-- What to do --
What is needed is a verbatim copy of the data, minus the pictures.

-- Listed records --
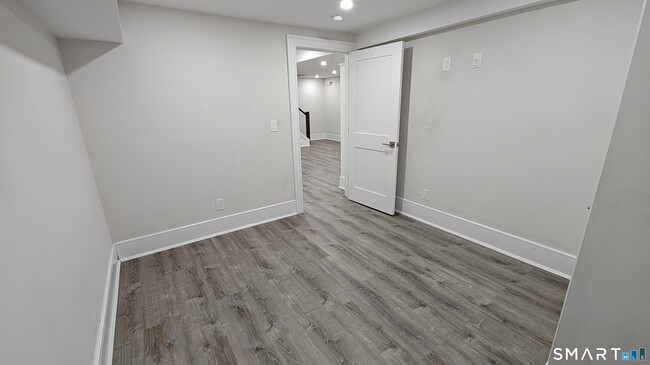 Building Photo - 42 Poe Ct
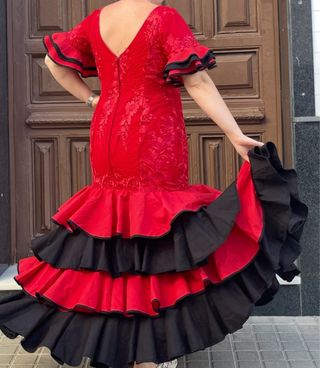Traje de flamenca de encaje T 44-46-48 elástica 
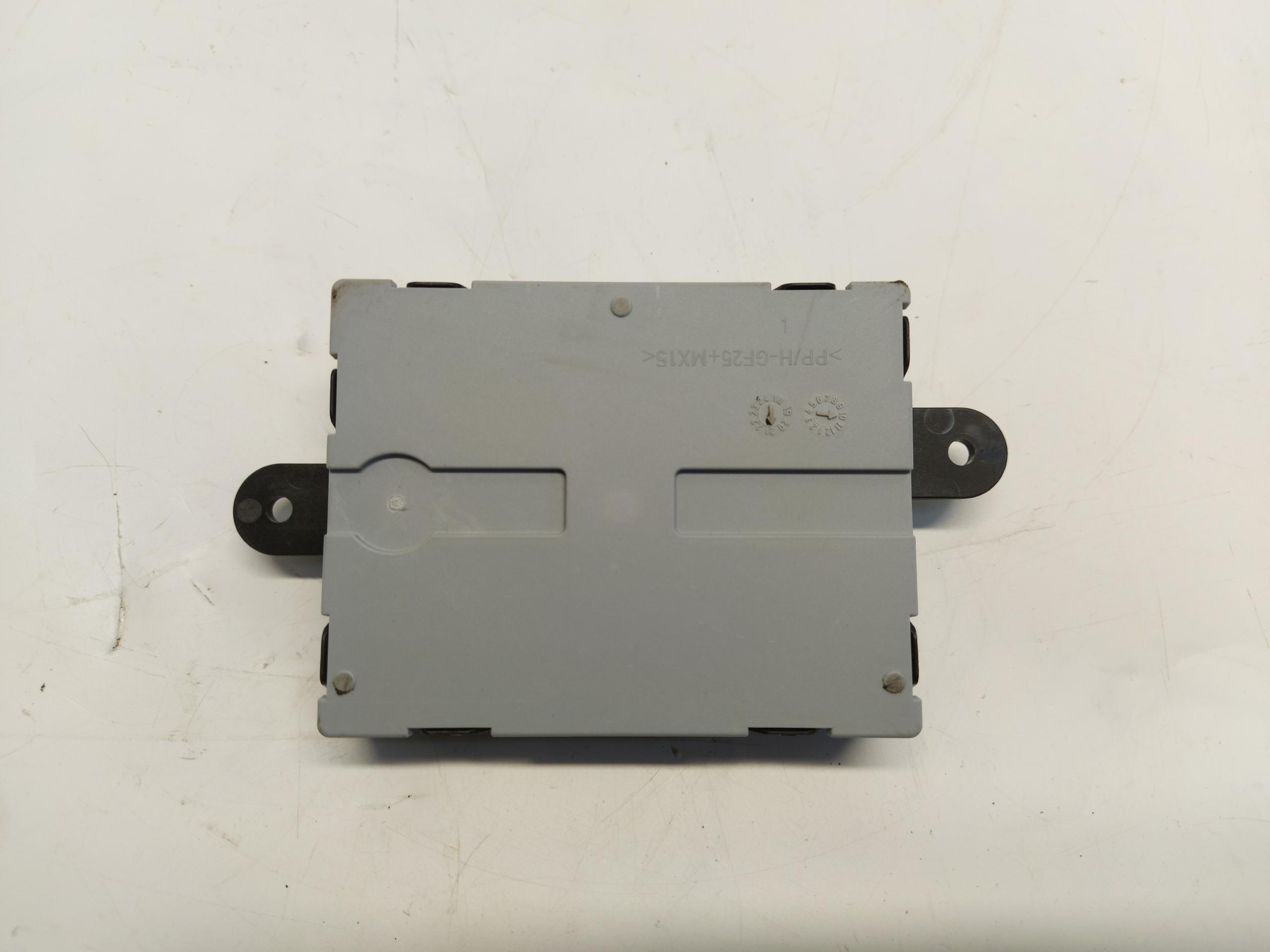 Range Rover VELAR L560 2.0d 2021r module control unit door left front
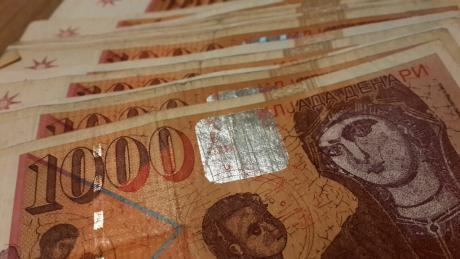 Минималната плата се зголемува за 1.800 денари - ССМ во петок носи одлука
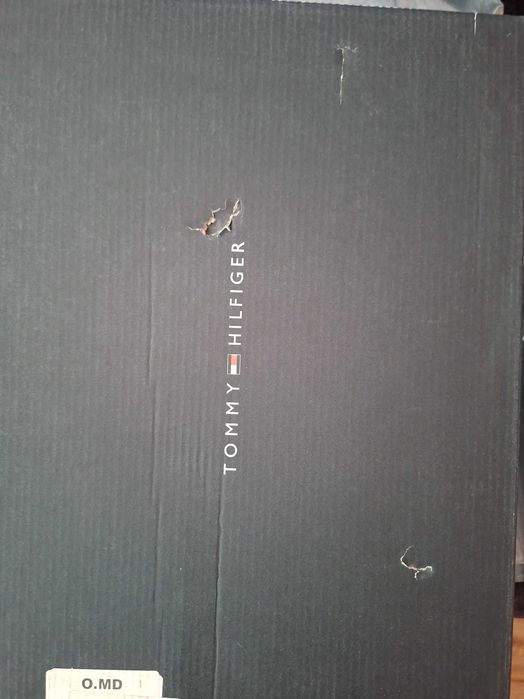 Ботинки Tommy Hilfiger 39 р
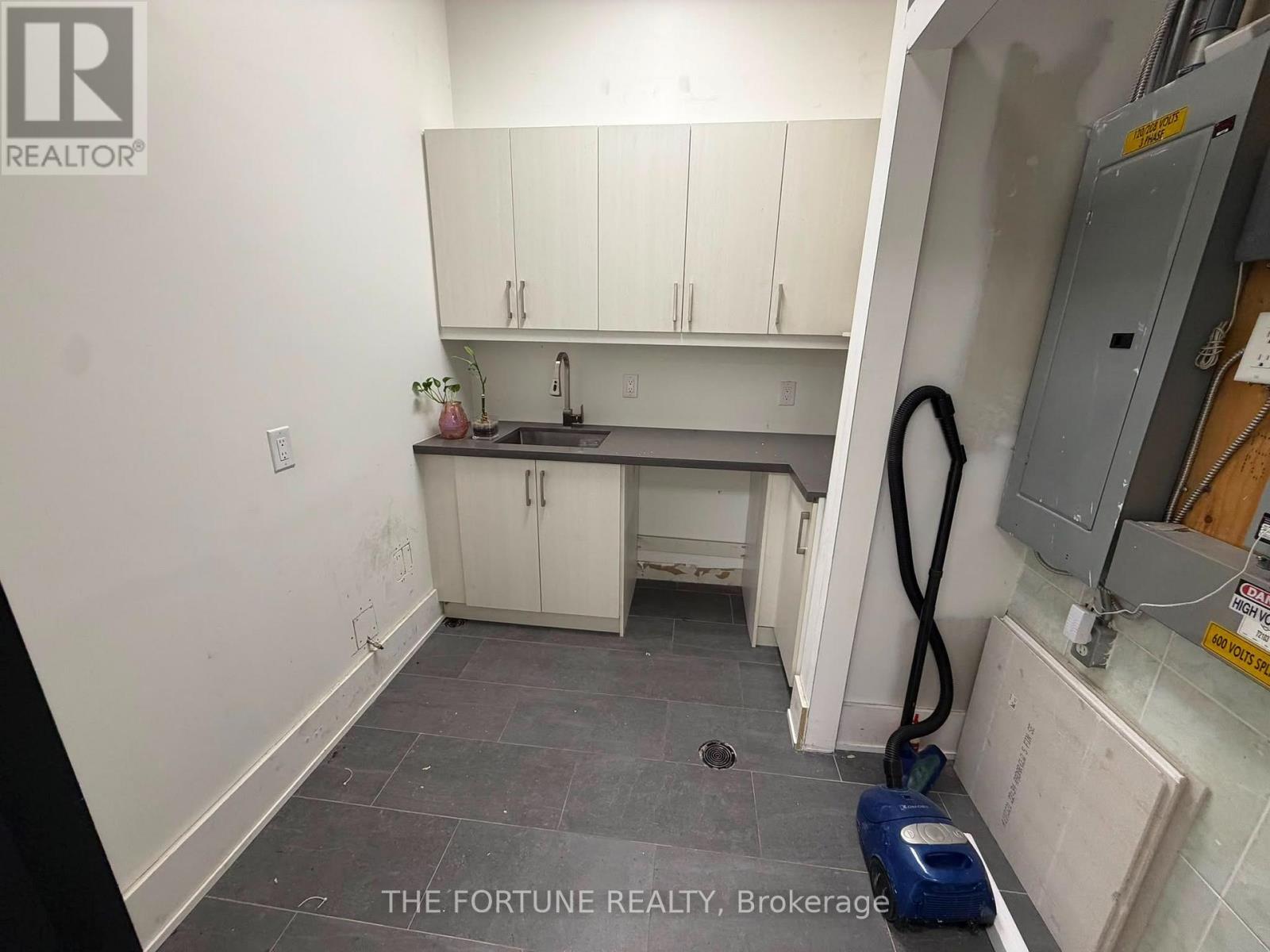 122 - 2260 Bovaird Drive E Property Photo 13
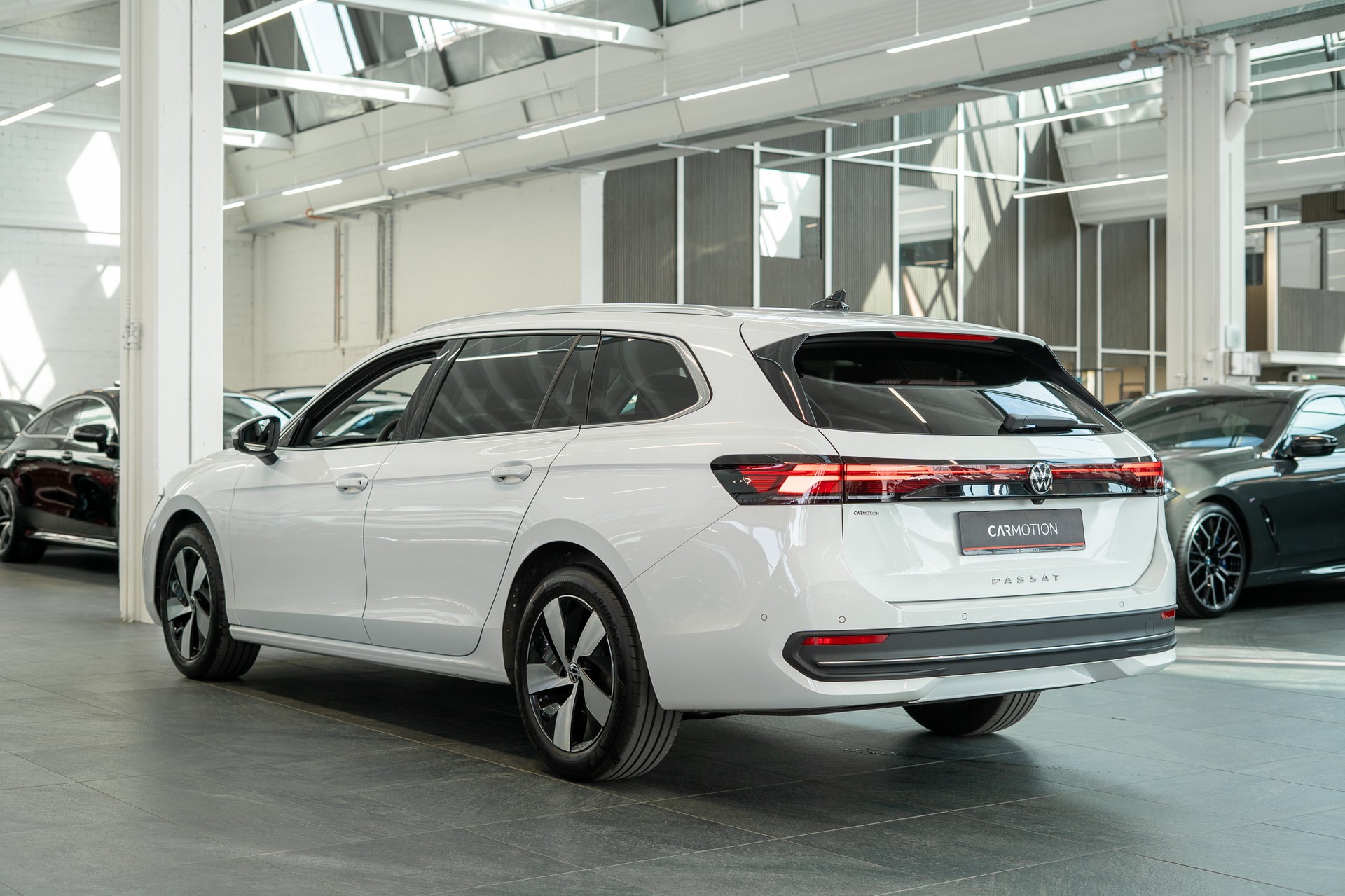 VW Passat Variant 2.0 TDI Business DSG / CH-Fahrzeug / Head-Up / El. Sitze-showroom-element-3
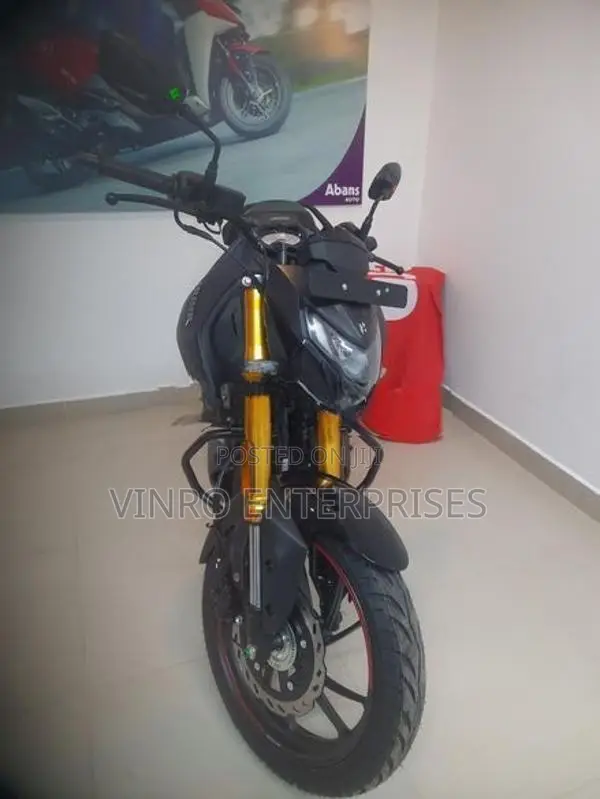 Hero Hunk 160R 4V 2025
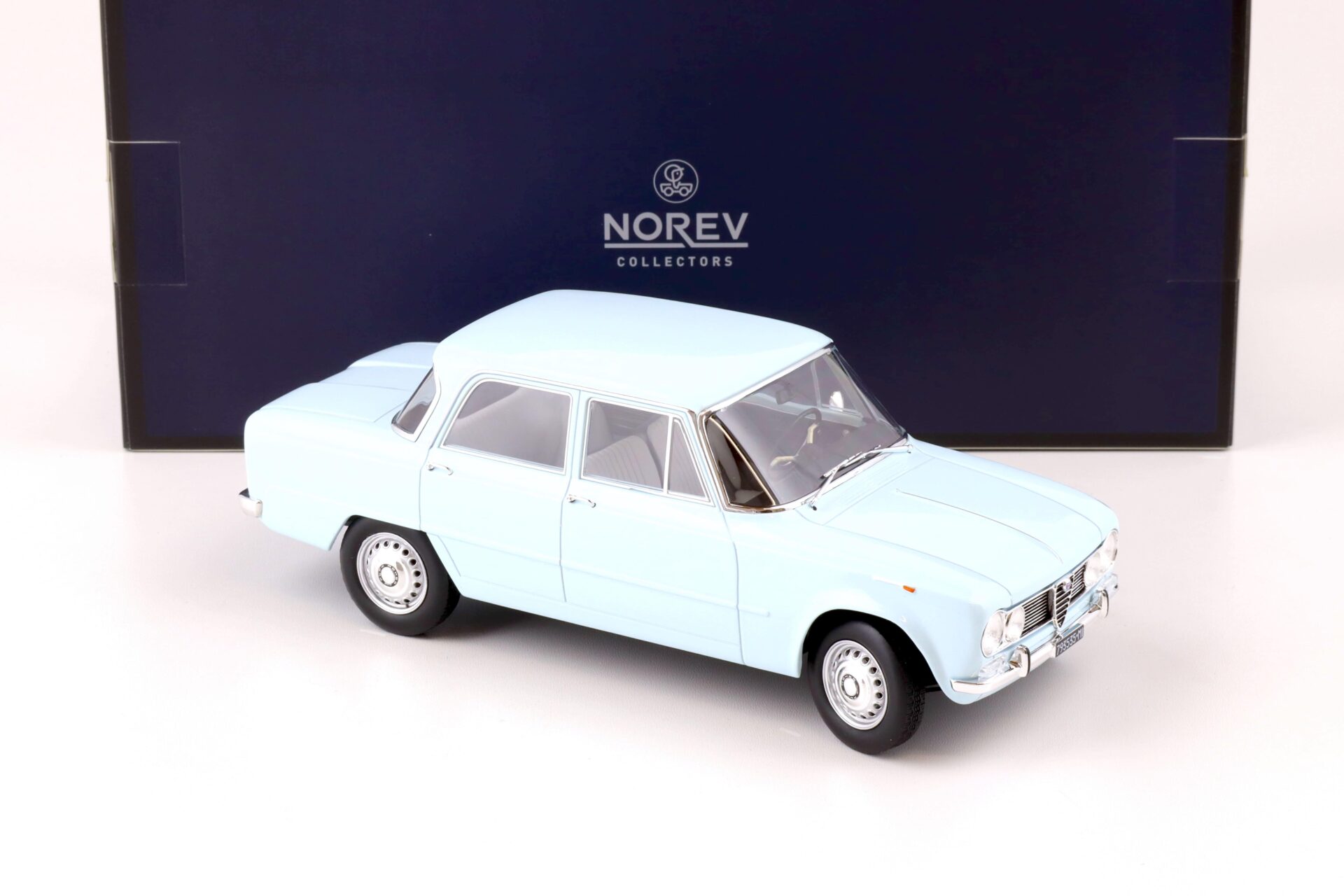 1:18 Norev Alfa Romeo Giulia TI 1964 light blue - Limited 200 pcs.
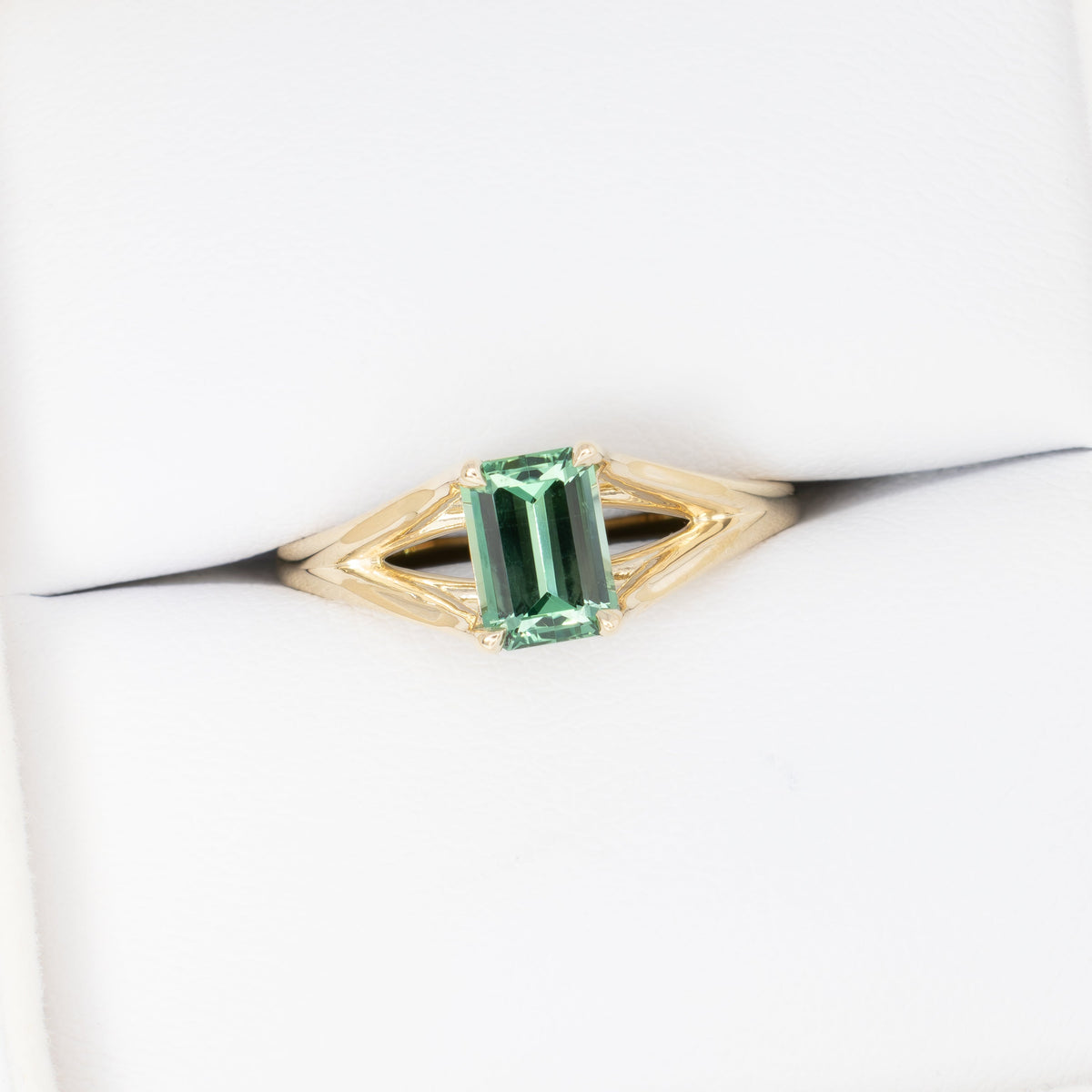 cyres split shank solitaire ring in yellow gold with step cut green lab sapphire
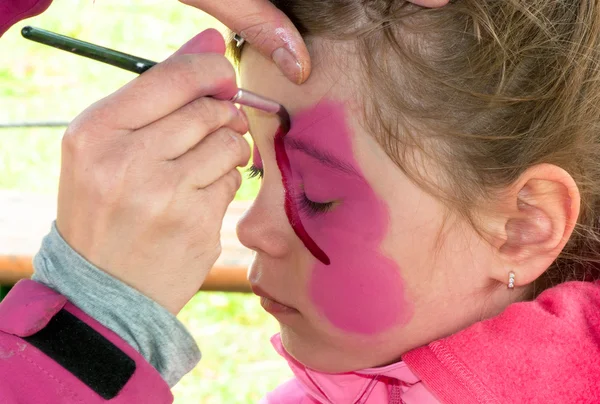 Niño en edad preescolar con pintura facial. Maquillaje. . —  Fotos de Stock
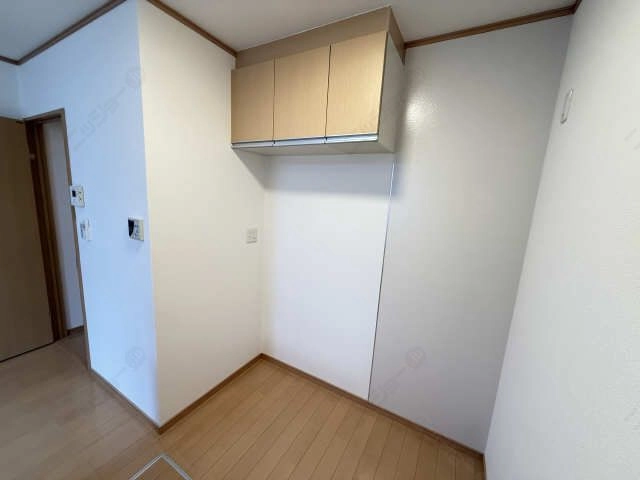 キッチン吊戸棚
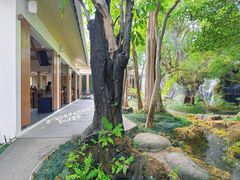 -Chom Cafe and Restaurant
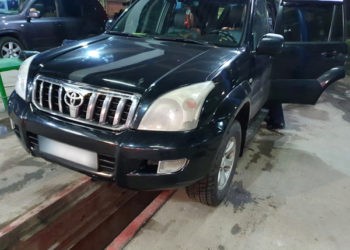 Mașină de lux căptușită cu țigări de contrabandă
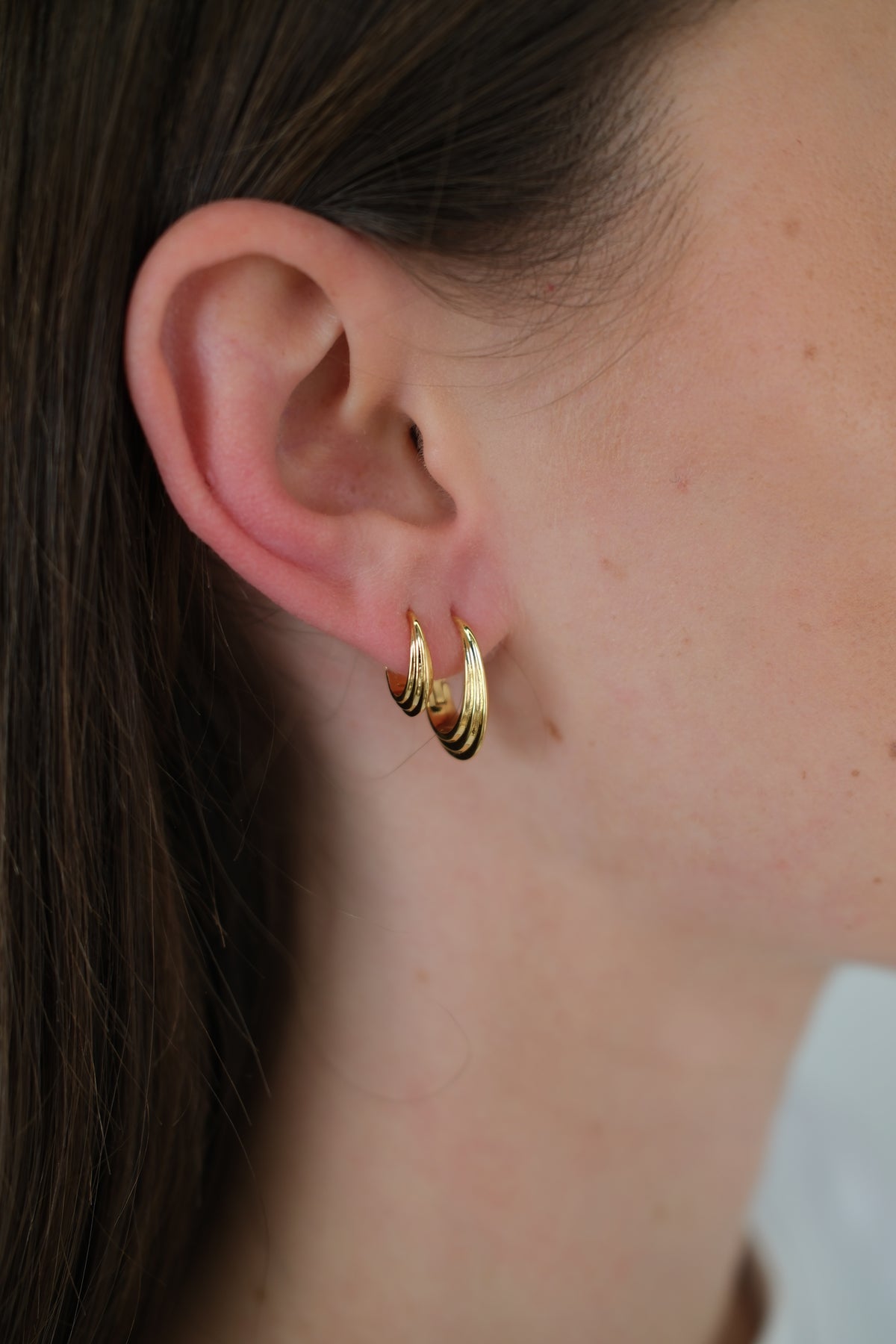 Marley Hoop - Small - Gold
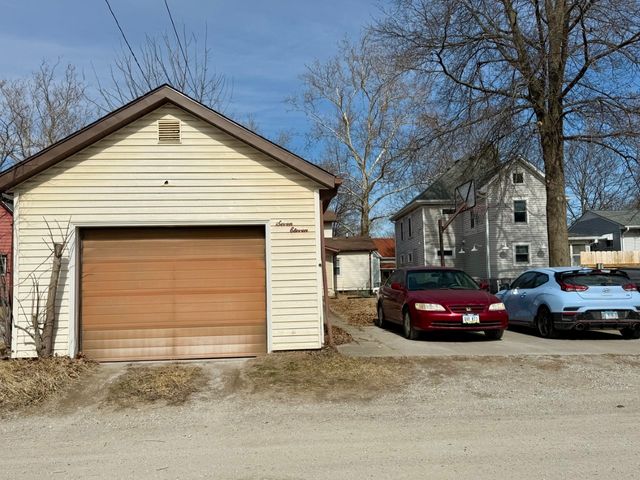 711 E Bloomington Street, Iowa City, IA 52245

-- Task solution --
 Building Photo - 42 Poe Ct
Traje de flamenca de encaje T 44-46-48 elástica 
 Range Rover VELAR L560 2.0d 2021r module control unit door left front
 Минималната плата се зголемува за 1.800 денари - ССМ во петок носи одлука
 Ботинки Tommy Hilfiger 39 р
 122 - 2260 Bovaird Drive E Property Photo 13
 VW Passat Variant 2.0 TDI Business DSG / CH-Fahrzeug / Head-Up / El. Sitze-showroom-element-3
 Hero Hunk 160R 4V 2025
 1:18 Norev Alfa Romeo Giulia TI 1964 light blue - Limited 200 pcs.
 cyres split shank solitaire ring in yellow gold with step cut green lab sapphire
 Niño en edad preescolar con pintura facial. Maquillaje. . —  Fotos de Stock
 キッチン吊戸棚
 -Chom Cafe and Restaurant
 Mașină de lux căptușită cu țigări de contrabandă
 Marley Hoop - Small - Gold
 711 E Bloomington Street, Iowa City, IA 52245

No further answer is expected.